+++ RECORDED INFORMATION
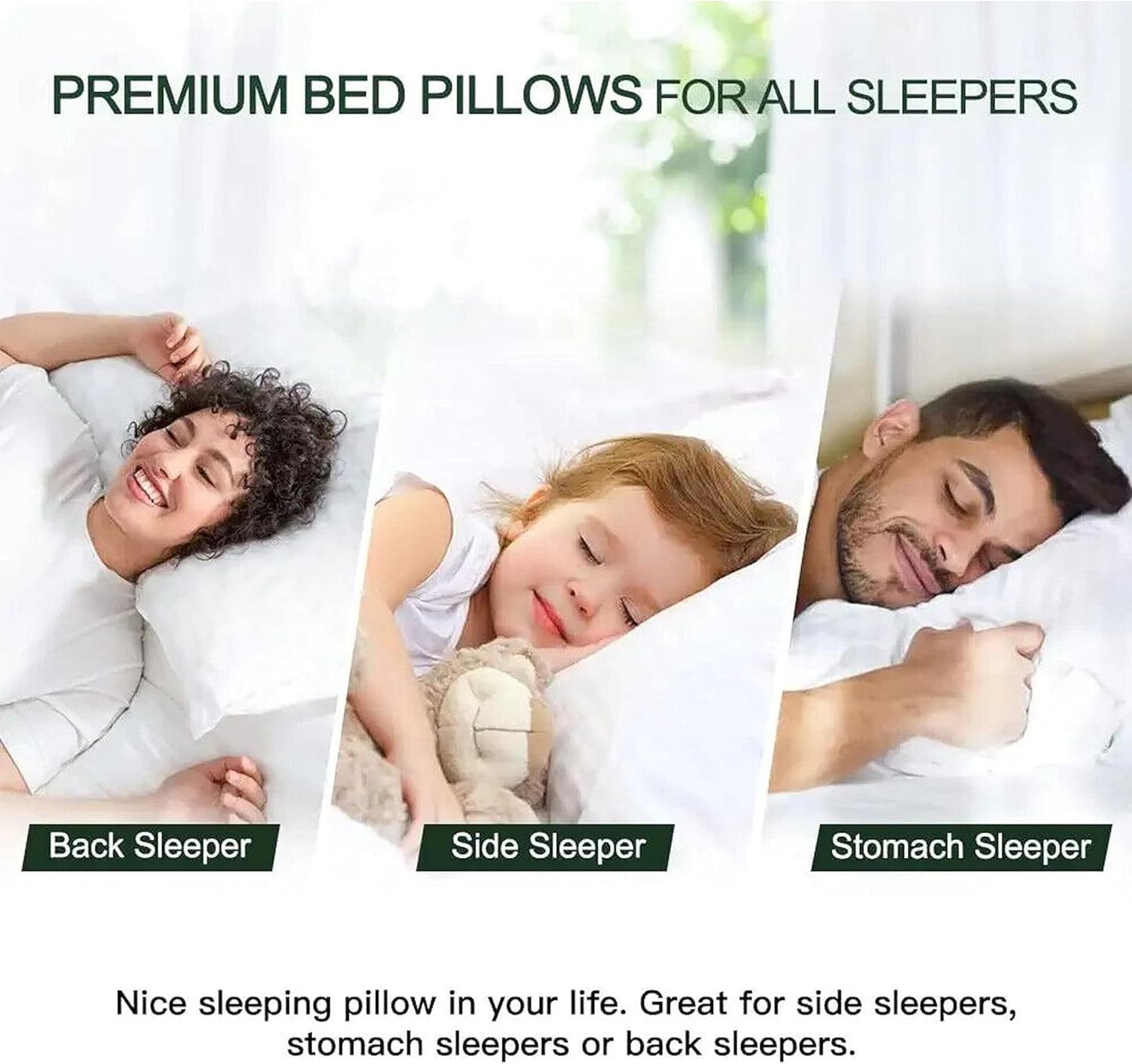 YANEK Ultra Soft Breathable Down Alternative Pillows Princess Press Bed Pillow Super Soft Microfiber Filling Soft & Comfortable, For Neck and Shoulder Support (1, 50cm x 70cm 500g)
++++++
+++ RECORDED INFORMATION
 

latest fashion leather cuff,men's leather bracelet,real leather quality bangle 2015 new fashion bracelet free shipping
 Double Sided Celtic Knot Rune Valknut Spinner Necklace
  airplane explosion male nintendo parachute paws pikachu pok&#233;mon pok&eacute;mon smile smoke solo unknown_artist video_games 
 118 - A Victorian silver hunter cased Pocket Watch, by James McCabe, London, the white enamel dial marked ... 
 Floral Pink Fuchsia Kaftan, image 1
++++++
WHAT TO DO -> Begin at the line that has "latest fashion leather" in the entries above; stop after the line that has "Floral Pink Fuchsia Kaftan, image 1". Transcribe exactly those lines and no others.

EXPECTED ANSWER ->
latest fashion leather cuff,men's leather bracelet,real leather quality bangle 2015 new fashion bracelet free shipping
 Double Sided Celtic Knot Rune Valknut Spinner Necklace
  airplane explosion male nintendo parachute paws pikachu pok&#233;mon pok&eacute;mon smile smoke solo unknown_artist video_games 
 118 - A Victorian silver hunter cased Pocket Watch, by James McCabe, London, the white enamel dial marked ... 
 Floral Pink Fuchsia Kaftan, image 1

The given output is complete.